正直に言うと、やはりまだ発展途上という印象です。

伝統芸能と新しい技術との融合に挑戦した努力は買いますが、3D映像が効果的に機能しているかは疑問が残りました。

映像を使用することによって情景が視覚的に表現され、本来謡を聞いて観客が想像しなければならない部分を補っているのは、能初心者にとっては鑑賞の助けになったと思います。その代わり、謡が単なるBGMとなってしまうため、純粋に能を楽しみたいという人にとっては、今の段階では映像は蛇足かもしれません。

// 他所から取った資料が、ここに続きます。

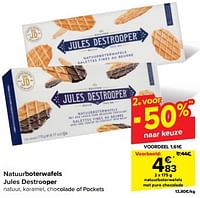 Promoties Natuurboterwafels met pure chocolade - Jules Destrooper - Geldig van 17/07/2024 tot 29/07/2024 bij Carrefour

また、演奏が録音だったのは、あまり良くないと思います。会場や人員の都合上、やむを得ないのかもしれませんが、演者との呼吸を合わせてこそのお囃子や地謡だと思っているので、そこが少し残念でした。

個人的に好きだったのは、『船弁慶』の映像です。飛沫が立体的に見えて、場面に迫力を加えていて単純に楽しかったです。

さて、以下に今回の鑑賞で考えたことをまとめました。

ひとつめは、伝統は破壊するために受け継いでいるという側面もあるということ。

今回のような当世風のアレンジは、見方によっては伝統の領域を侵しているとも捉えられます。しかし、そこから生まれるものがあるかもしれないという可能性は、誰にも否定できません。ただ単に過去を保存するためだけではなくて、破壊するため、つまりまだ見ぬ未来の技術や発想と出会い、新たな表現を生み出すために伝統を受け継いでいると考えた方が生産的ではありませんか?

それに、一部破壊されたからと言って、崩れるような伝統ではないでしょう。これからも伝統という軸を守りつつ、色々な試みをしてほしいと思います。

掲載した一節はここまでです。